With the images removed, repeat the data below exactly.
-------- Supplied information
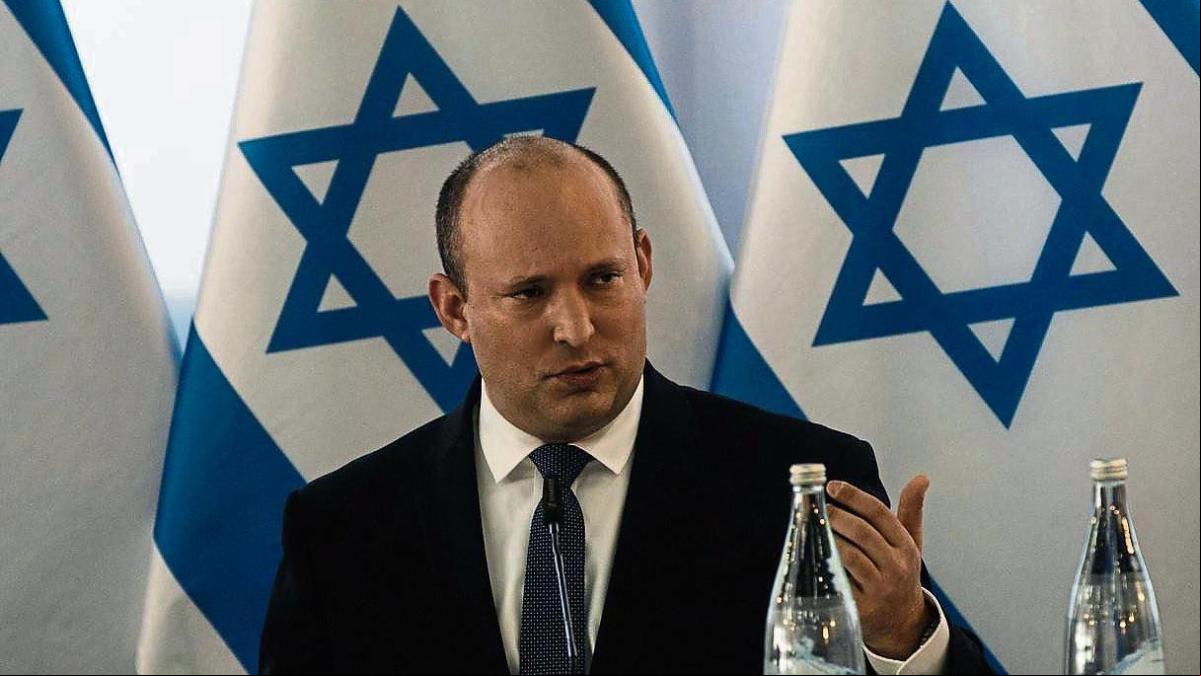 Israel alerta sobre un inminente y peligroso acuerdo nuclear con Irán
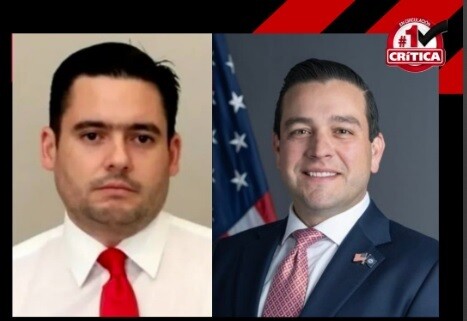 Аннулирование виз в Панаме: Никто не защищен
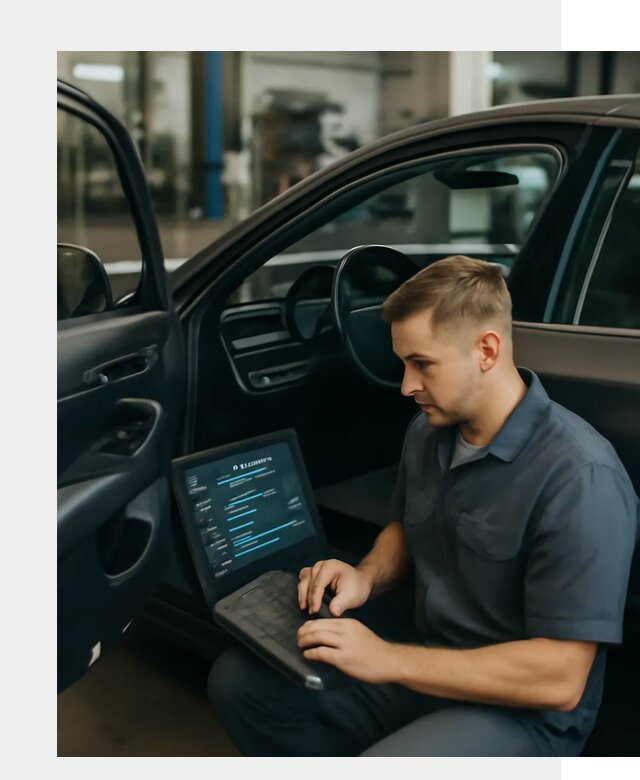 Русификация Toyota Crown в Усолье-Сибирском по цене от 8772 р. | ФастМобиль-Сль
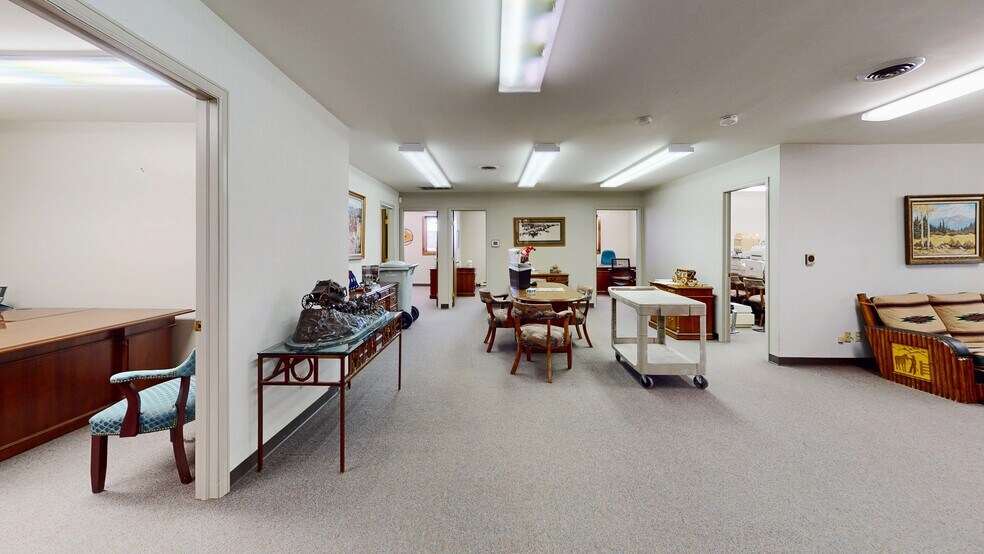 100 Oak Ave, Eaton, CO à vendre - Photo de l’immeuble – Image 2 sur 26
----------------
| Expected answer |
 Israel alerta sobre un inminente y peligroso acuerdo nuclear con Irán
 Аннулирование виз в Панаме: Никто не защищен
 Русификация Toyota Crown в Усолье-Сибирском по цене от 8772 р. | ФастМобиль-Сль
 100 Oak Ave, Eaton, CO à vendre - Photo de l’immeuble – Image 2 sur 26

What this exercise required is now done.